> What you will do: Before copying, set the images aside; then transcribe every entry below exactly.

· · · ·

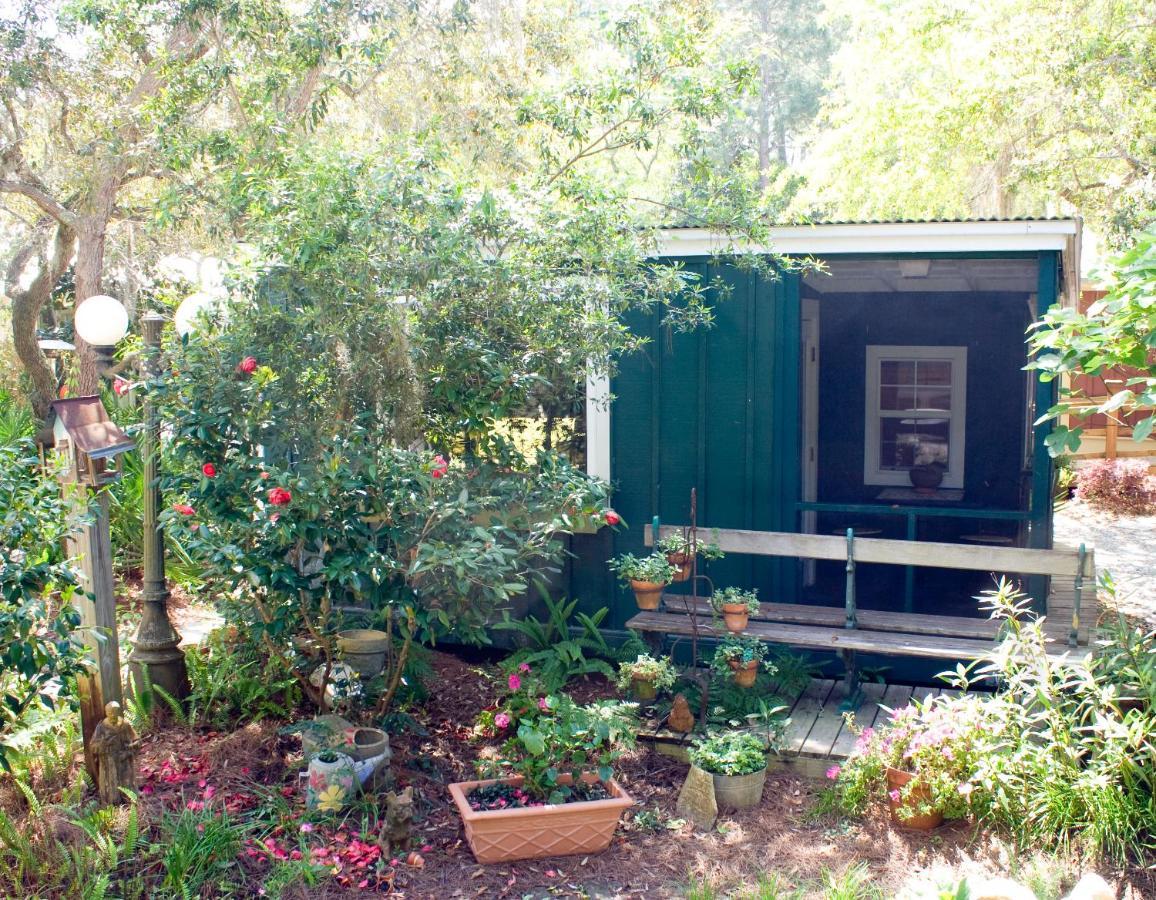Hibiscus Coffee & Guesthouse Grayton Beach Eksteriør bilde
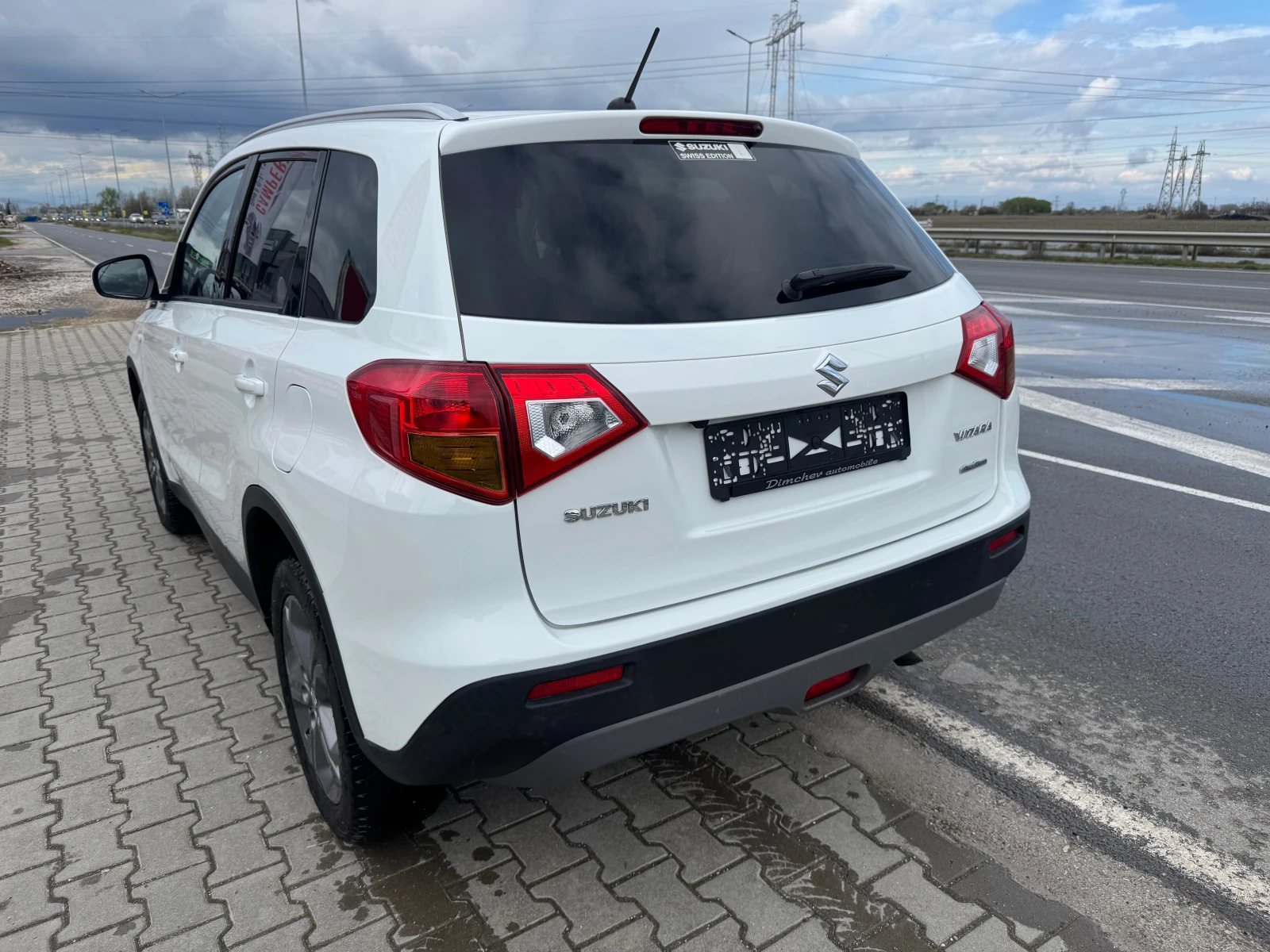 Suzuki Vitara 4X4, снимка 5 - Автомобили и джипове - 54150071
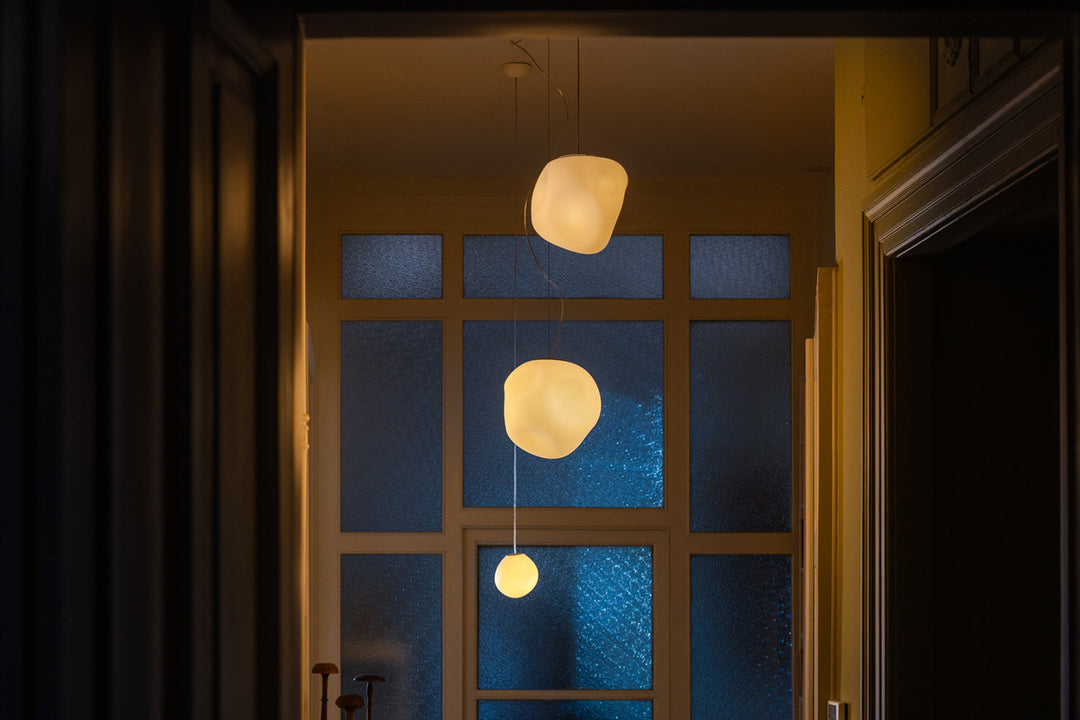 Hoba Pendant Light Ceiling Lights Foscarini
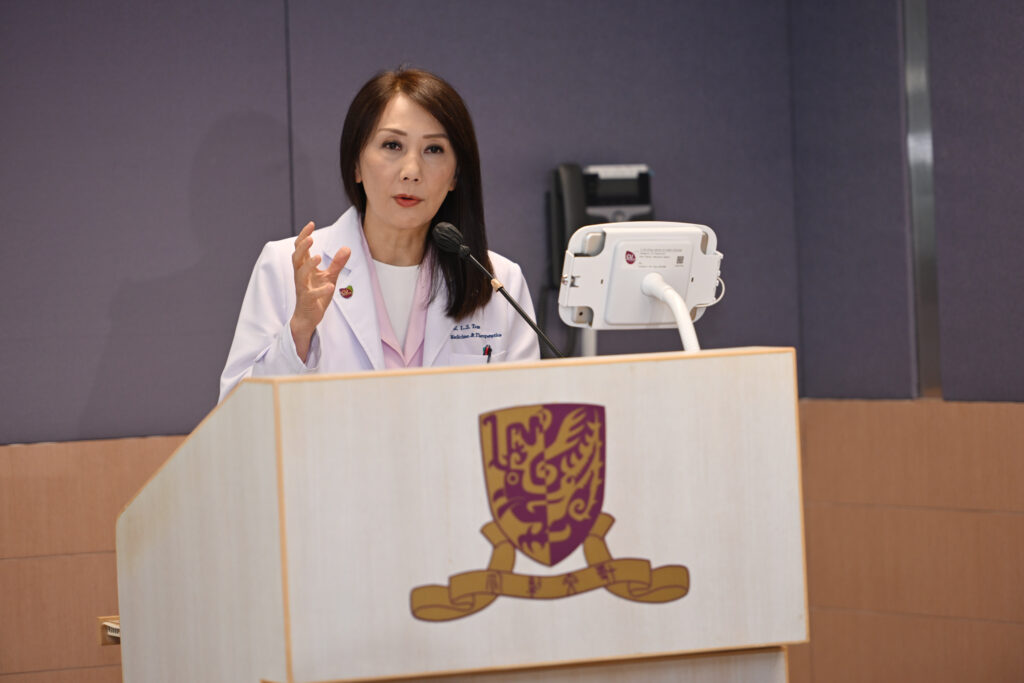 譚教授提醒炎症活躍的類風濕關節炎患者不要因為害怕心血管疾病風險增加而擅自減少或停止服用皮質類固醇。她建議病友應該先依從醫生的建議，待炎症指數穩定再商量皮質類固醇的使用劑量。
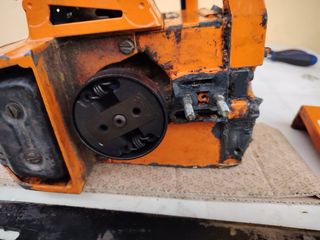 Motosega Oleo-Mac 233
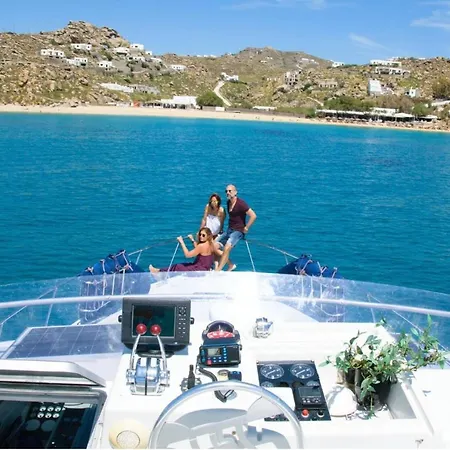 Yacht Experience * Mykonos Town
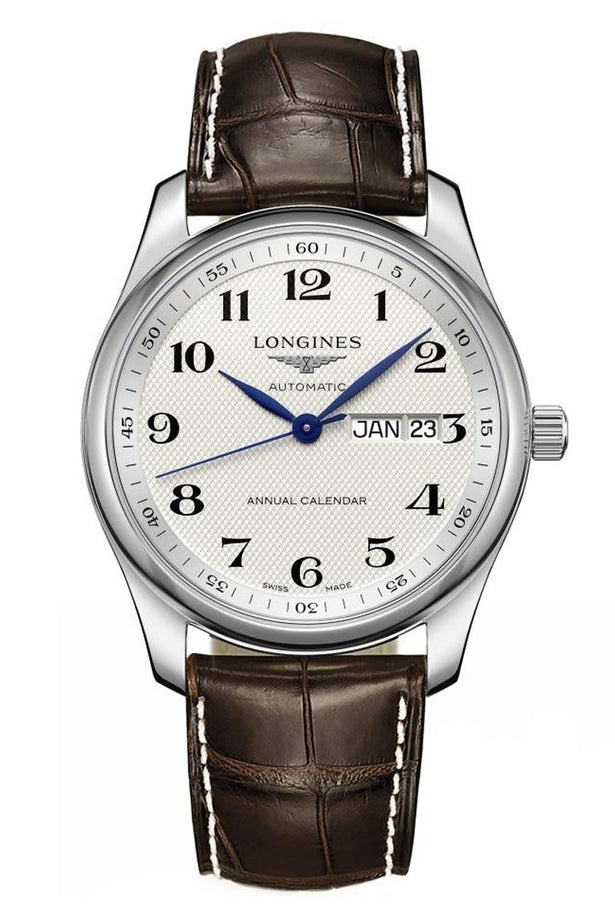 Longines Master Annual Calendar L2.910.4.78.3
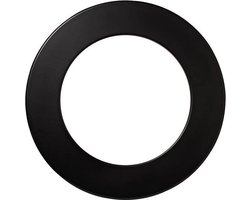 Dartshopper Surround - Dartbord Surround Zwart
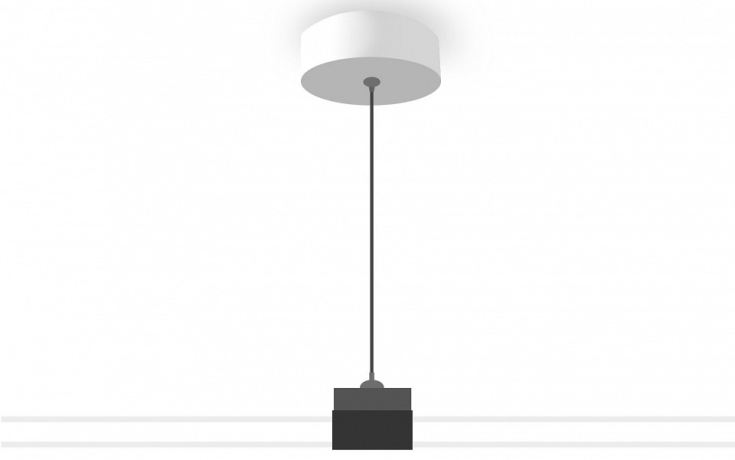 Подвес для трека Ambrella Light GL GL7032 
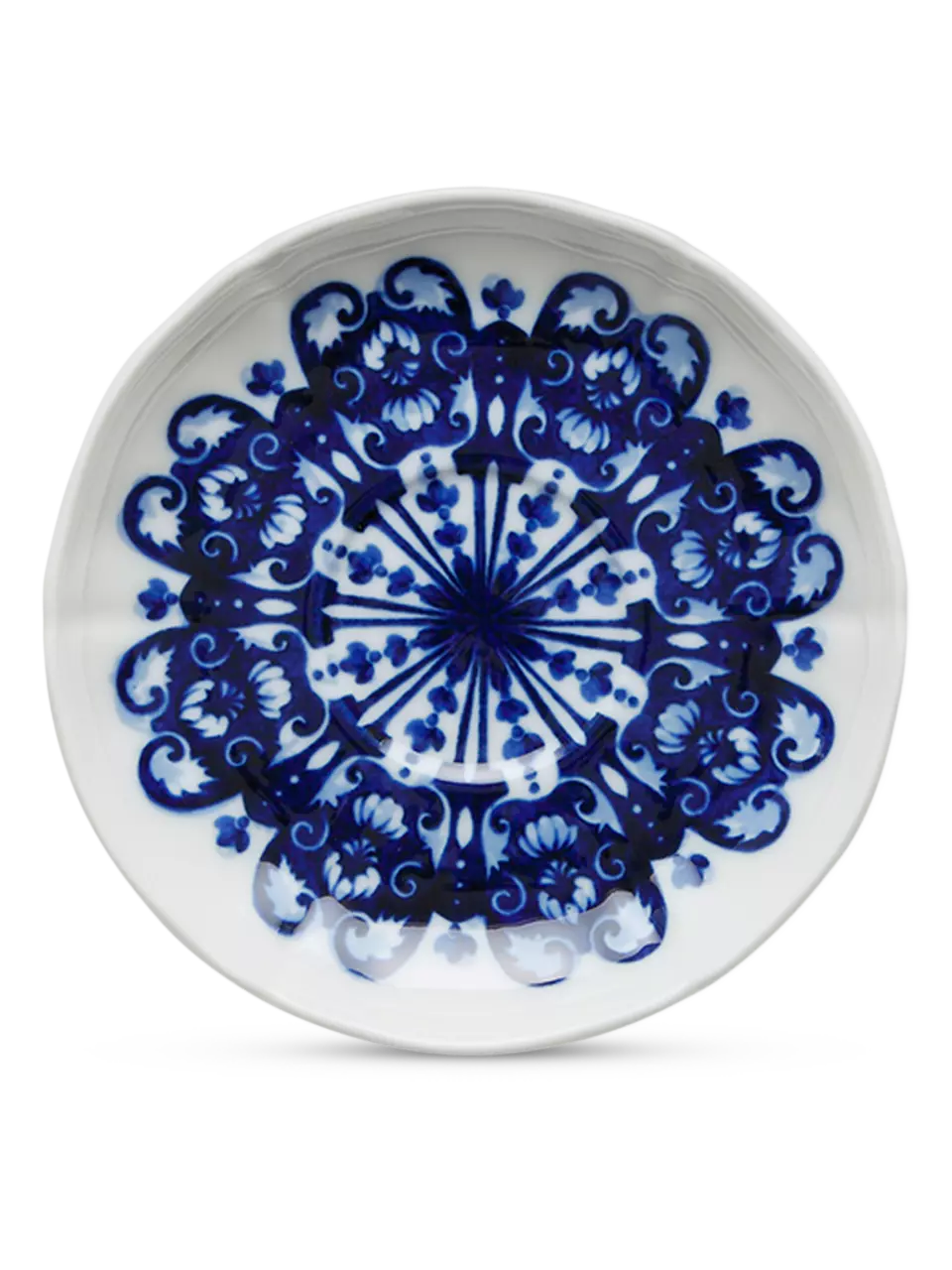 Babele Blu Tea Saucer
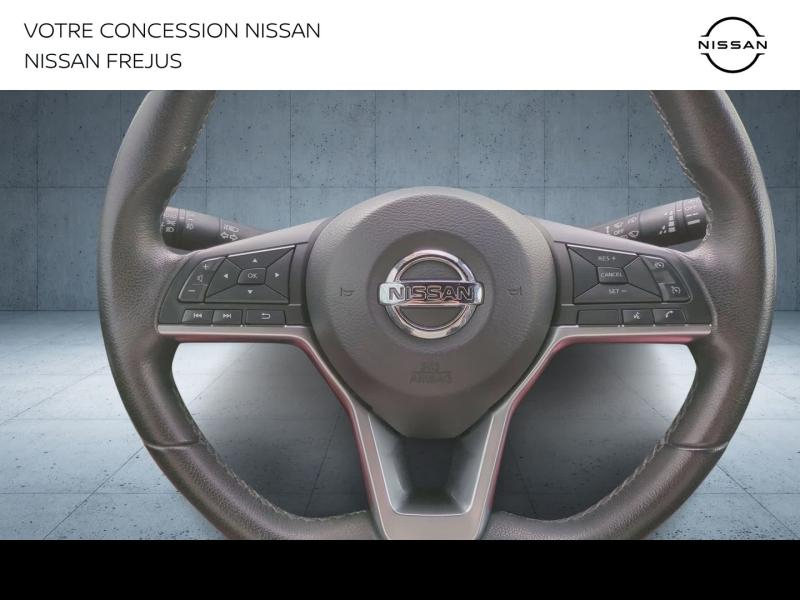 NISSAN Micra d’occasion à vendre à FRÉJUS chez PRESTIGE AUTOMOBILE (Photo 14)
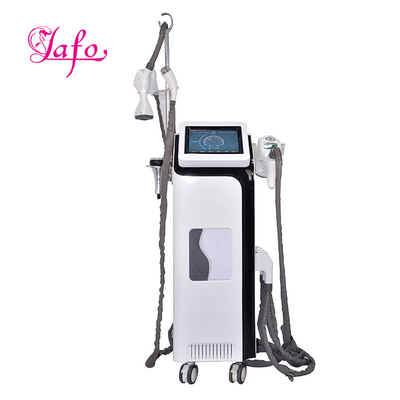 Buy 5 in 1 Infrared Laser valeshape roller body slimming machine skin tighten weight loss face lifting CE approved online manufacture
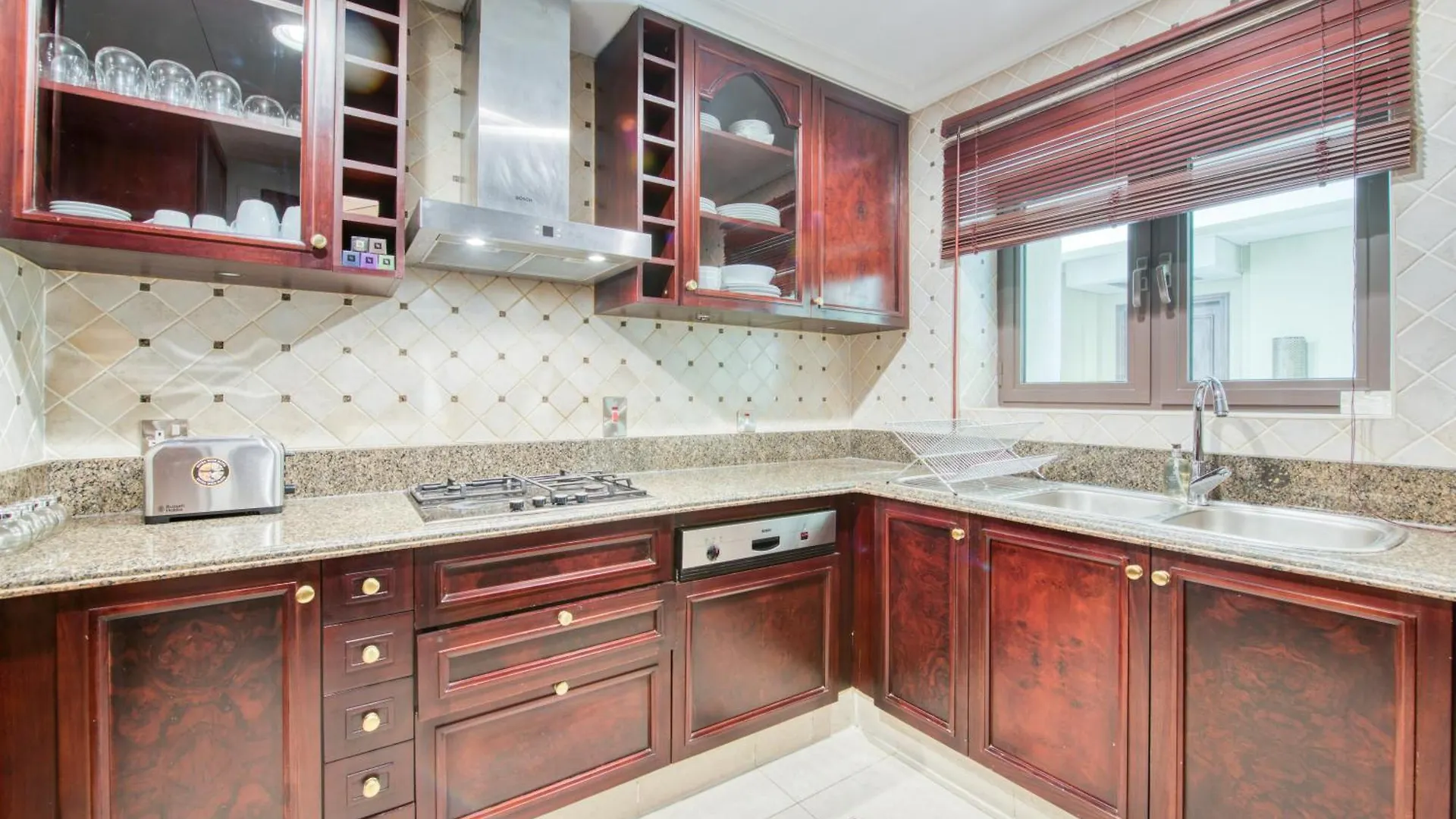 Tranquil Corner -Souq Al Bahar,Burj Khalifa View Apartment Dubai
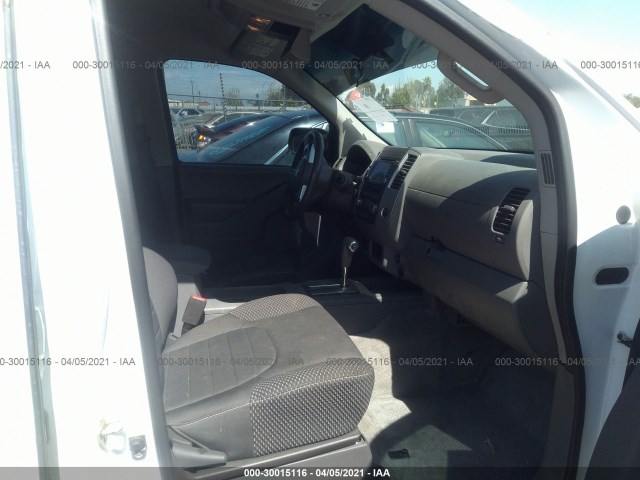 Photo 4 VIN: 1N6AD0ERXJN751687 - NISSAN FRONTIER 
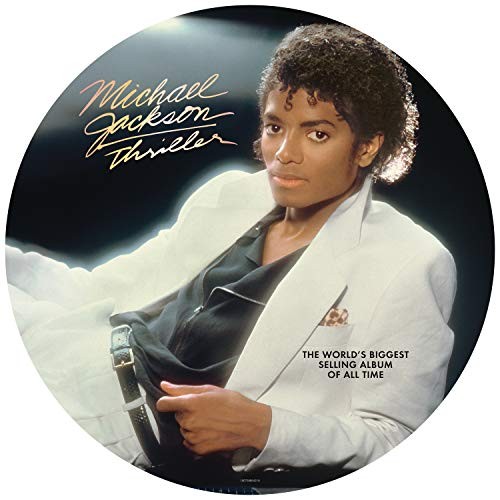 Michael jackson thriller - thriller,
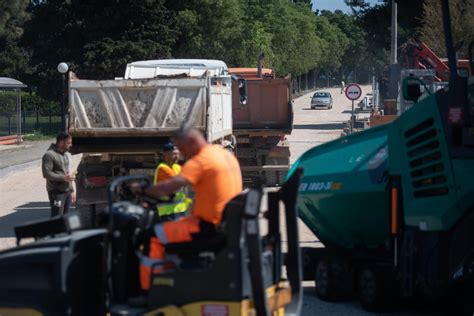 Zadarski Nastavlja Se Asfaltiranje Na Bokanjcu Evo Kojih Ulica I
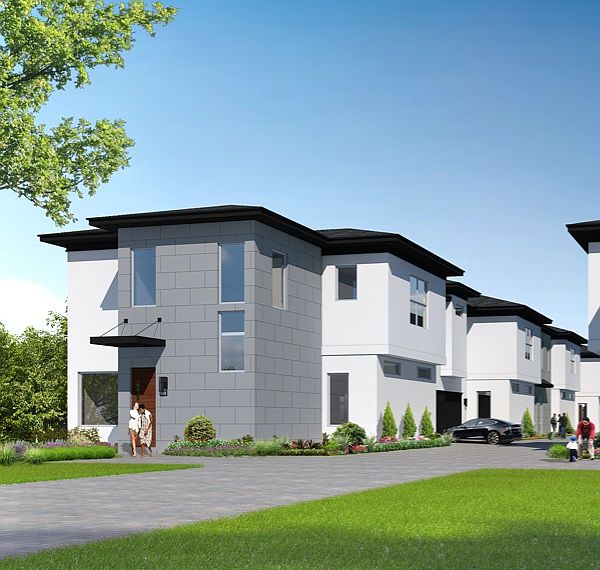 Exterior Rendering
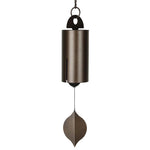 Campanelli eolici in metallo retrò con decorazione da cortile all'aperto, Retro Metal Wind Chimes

· · · ·

> Expected answer:
Hibiscus Coffee & Guesthouse Grayton Beach Eksteriør bilde
 Suzuki Vitara 4X4, снимка 5 - Автомобили и джипове - 54150071
 Hoba Pendant Light Ceiling Lights Foscarini
 譚教授提醒炎症活躍的類風濕關節炎患者不要因為害怕心血管疾病風險增加而擅自減少或停止服用皮質類固醇。她建議病友應該先依從醫生的建議，待炎症指數穩定再商量皮質類固醇的使用劑量。
 Motosega Oleo-Mac 233
 Yacht Experience * Mykonos Town
 Longines Master Annual Calendar L2.910.4.78.3
 Dartshopper Surround - Dartbord Surround Zwart
 Подвес для трека Ambrella Light GL GL7032 
 Babele Blu Tea Saucer
 NISSAN Micra d’occasion à vendre à FRÉJUS chez PRESTIGE AUTOMOBILE (Photo 14)
 Buy 5 in 1 Infrared Laser valeshape roller body slimming machine skin tighten weight loss face lifting CE approved online manufacture
 Tranquil Corner -Souq Al Bahar,Burj Khalifa View Apartment Dubai
 Photo 4 VIN: 1N6AD0ERXJN751687 - NISSAN FRONTIER 
 Michael jackson thriller - thriller,
 Zadarski Nastavlja Se Asfaltiranje Na Bokanjcu Evo Kojih Ulica I
 Exterior Rendering
 Campanelli eolici in metallo retrò con decorazione da cortile all'aperto, Retro Metal Wind Chimes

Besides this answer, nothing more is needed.